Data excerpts
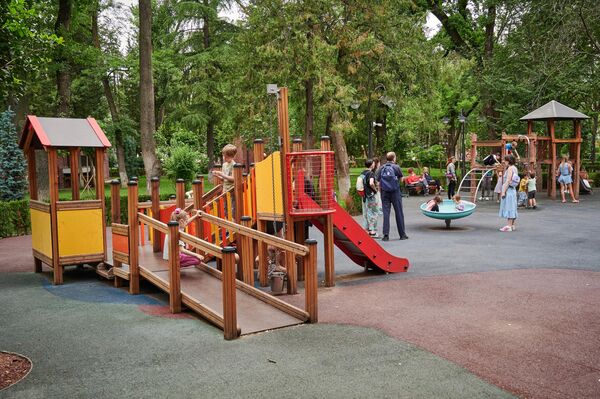 А эта детская площадка бесплатная и тут обычно играет много детей. - Sputnik Грузия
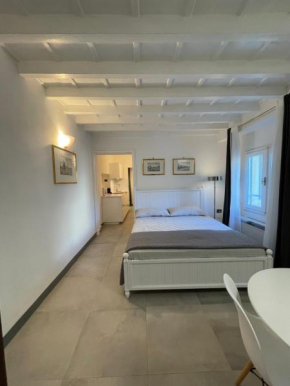 Renai studio flat, Florence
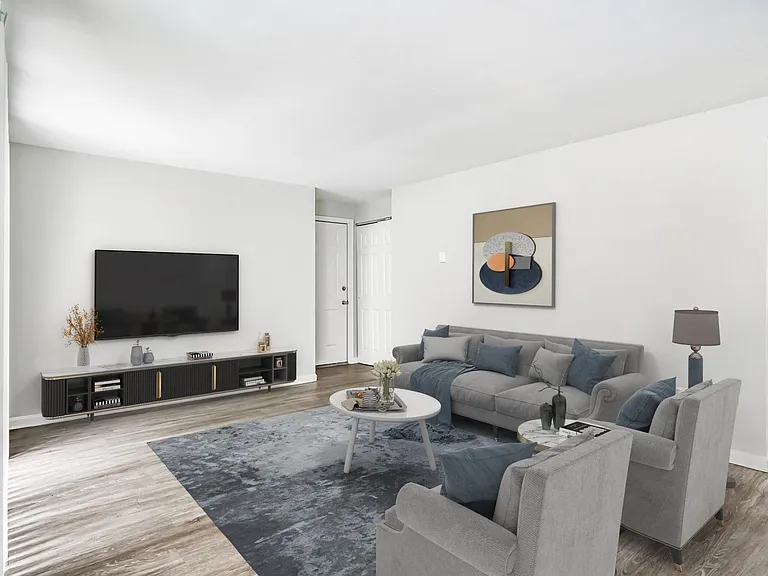 The Meridian Apartments — Photo 15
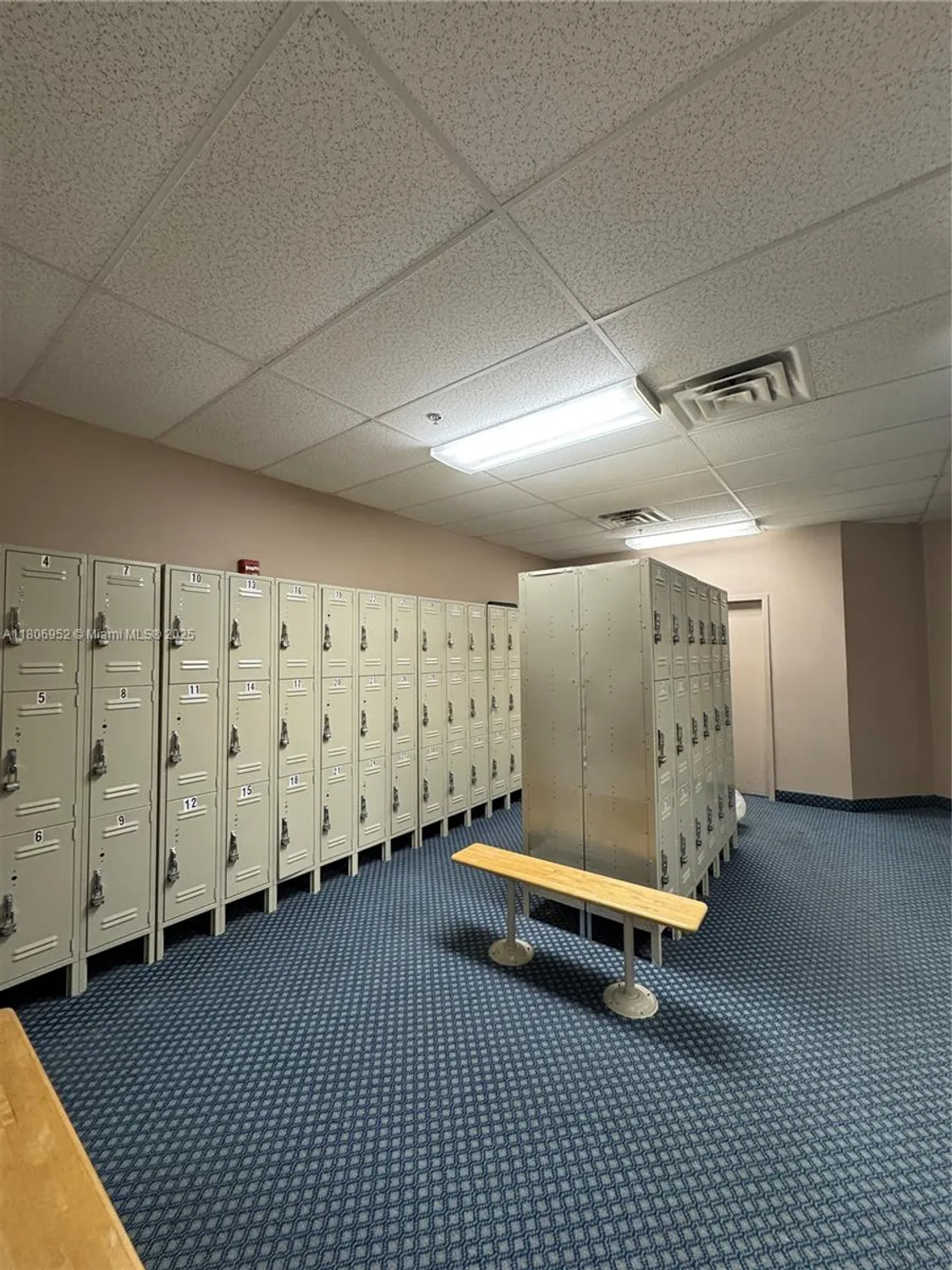 Property Slideshow image 39 of 47 | 9823 s hollybrook lake dr 105, Pembroke Pines, FL, 33025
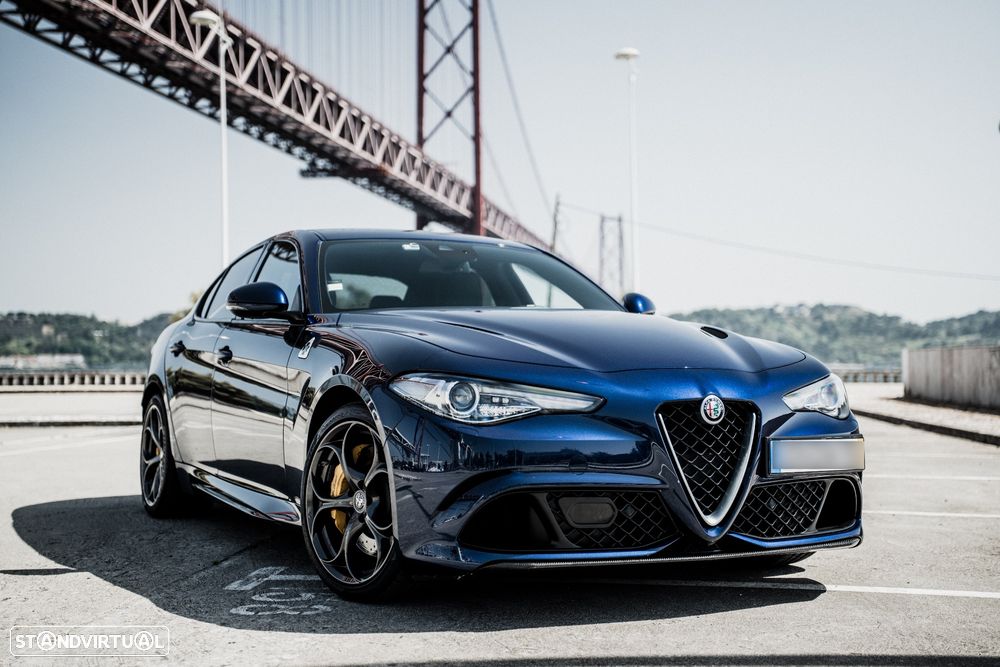 Alfa Romeo Giulia 2.9 Bi-Turbo Quadrifoglio AT8 - 1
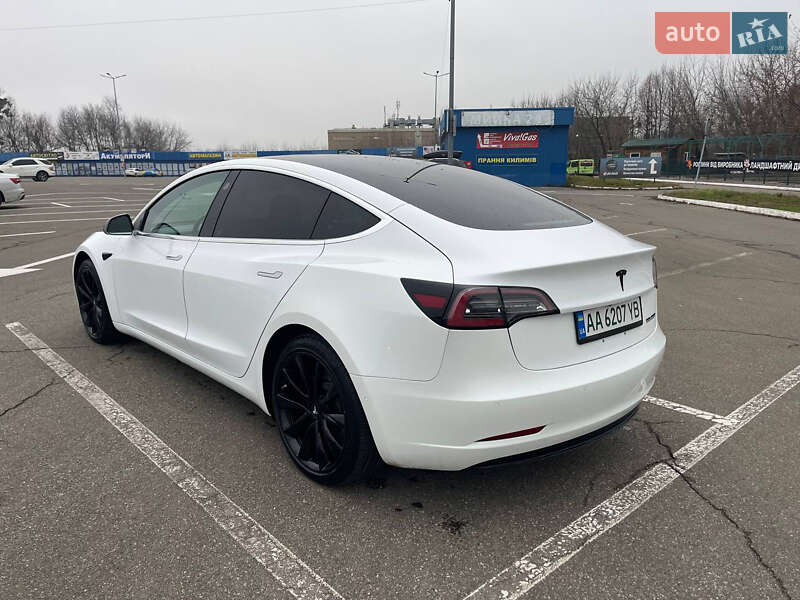 Седан Tesla Model 3 2018 в Киеве фото 9 Седан Tesla Model 3 2018 в Киеве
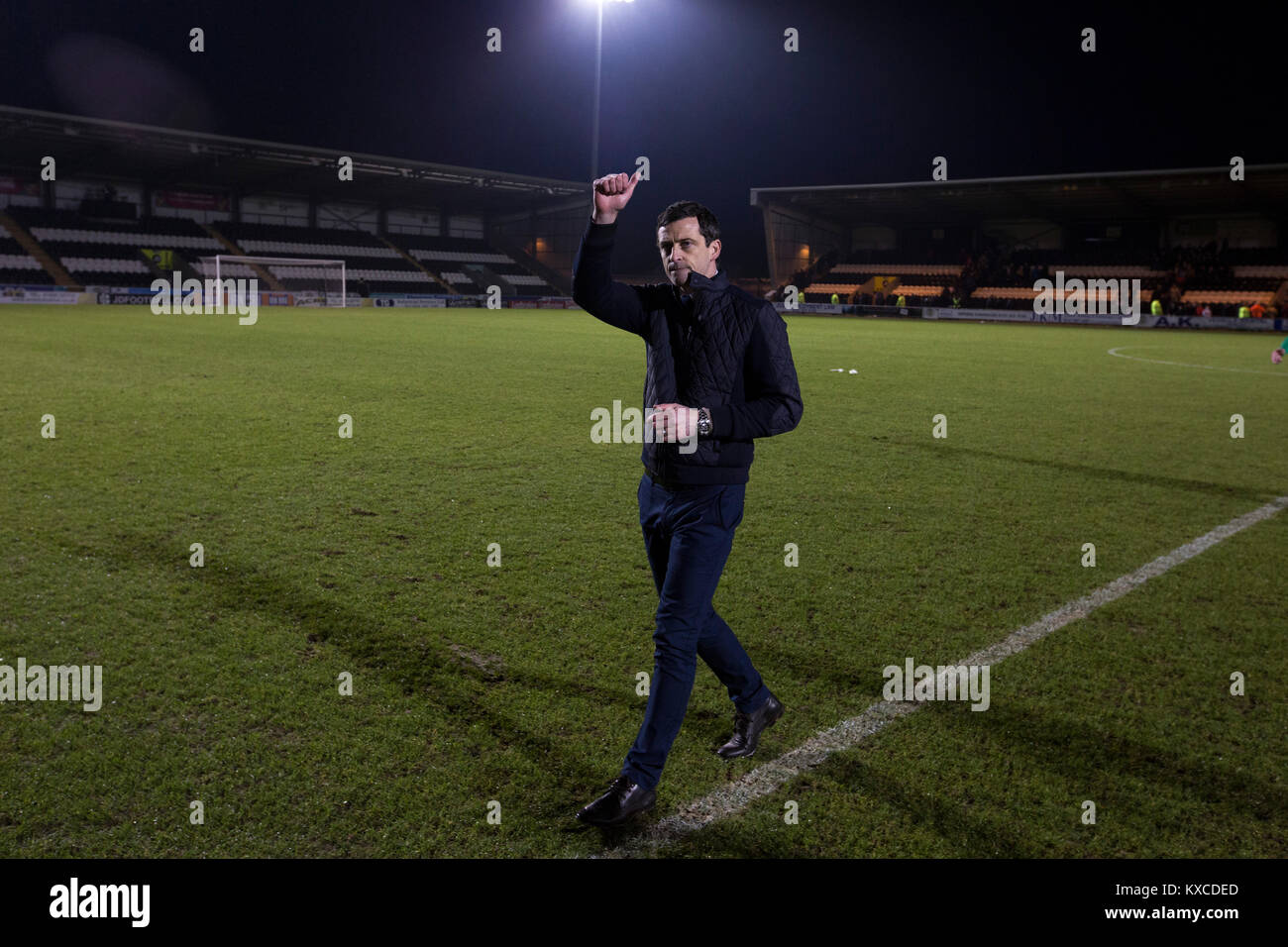 Home Manager Jack Ross gibt die Daumen - bis zu Ventilatoren an den Paisley 2021 Stadion nach der schottischen Meisterschaft Seite St Mirren Welsh Champions spielte die neuen Heiligen im Halbfinale des Scottish Challenge Cup für den rechten Dundee United in der Endrunde zu erfüllen. Der Wettbewerb war für die Saison 2016-17 erweitert vier Vereine aus Wales und Nordirland sowie schottischen Premier unter 20 Mannschaften zu gehören. Trotz trailing zur Halbzeit, St Mirren gewann das Match 4-1 durch eine Masse von 2044 beobachtet, einschließlich 75 entfernt. Stockfoto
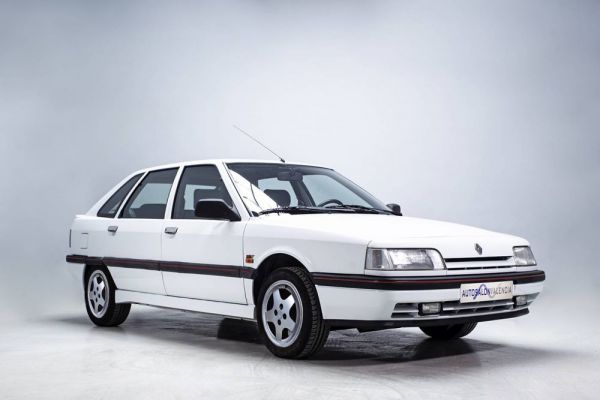 Renault R 21 TXI 1992 86360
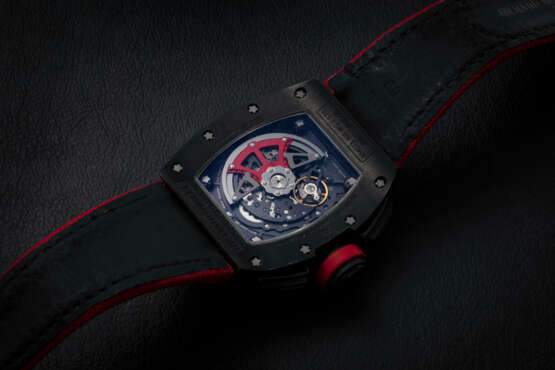 RICHARD MILLE RM 011-FM AH WG ‘MARCUS’ EDITION, A RARE GOLD AND TITANIUM FLYBACK CHRONOGRAPH - photo 3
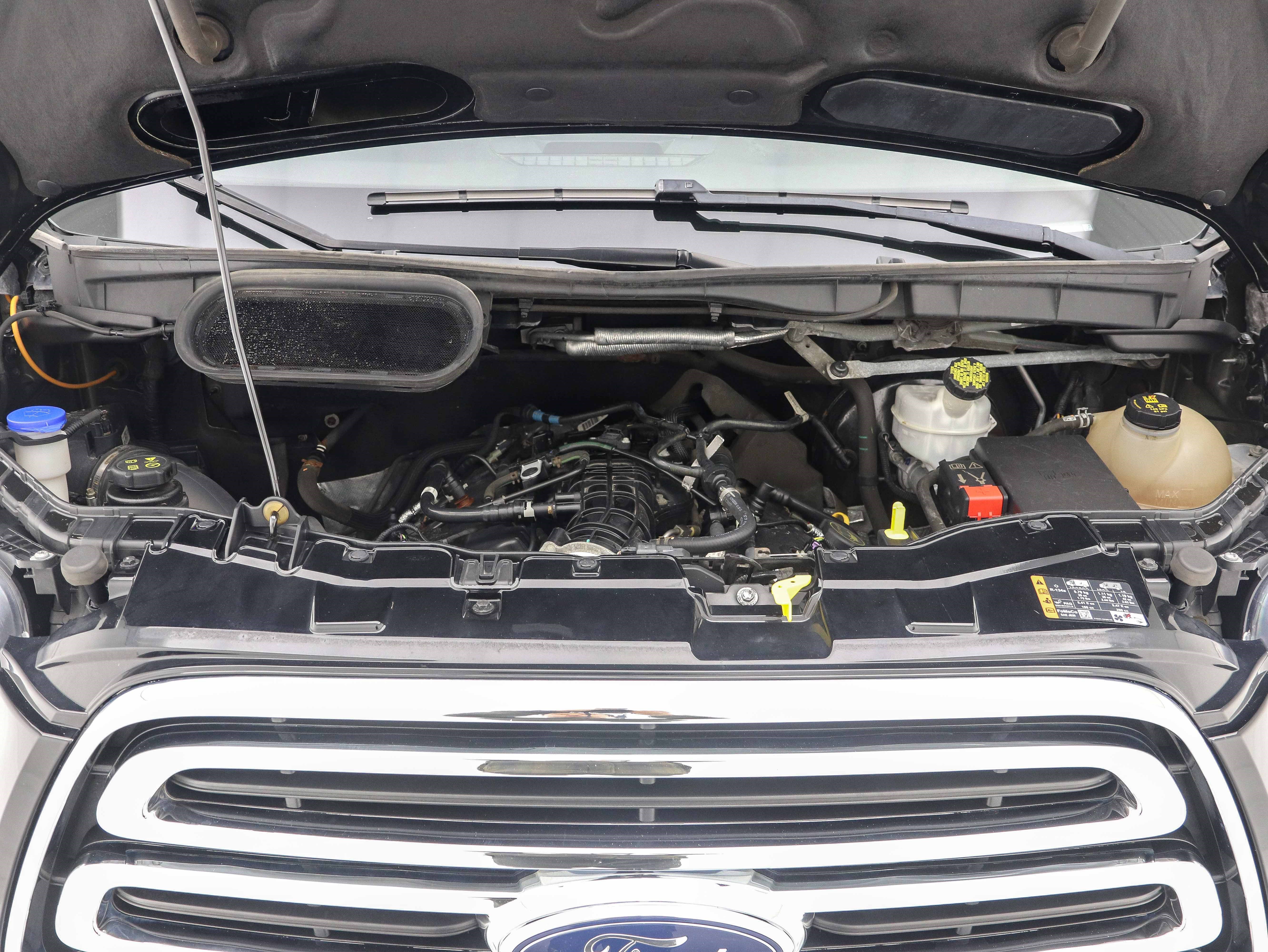 Used 2019 Ford Transit 150 XLT image 25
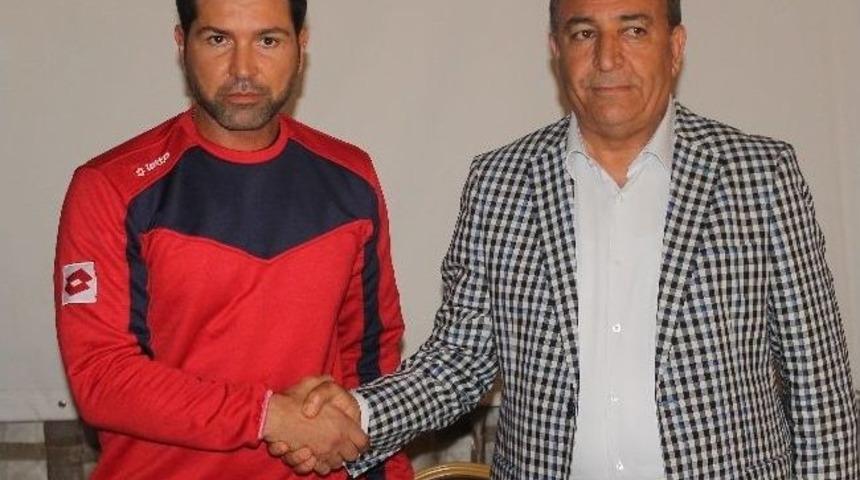 Mersin İdmanyurdu Hakan Kutlu İle Anlaştı (2)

About this task
Only an exact copy of the lines from the top of the entries through the line with "Седан Tesla Model 3 2018 в Киеве фото", both included, should be given, with all pictures omitted.

Result below
 А эта детская площадка бесплатная и тут обычно играет много детей. - Sputnik Грузия
 Renai studio flat, Florence
 The Meridian Apartments — Photo 15
 Property Slideshow image 39 of 47 | 9823 s hollybrook lake dr 105, Pembroke Pines, FL, 33025
 Alfa Romeo Giulia 2.9 Bi-Turbo Quadrifoglio AT8 - 1
 Седан Tesla Model 3 2018 в Киеве фото 9 Седан Tesla Model 3 2018 в Киеве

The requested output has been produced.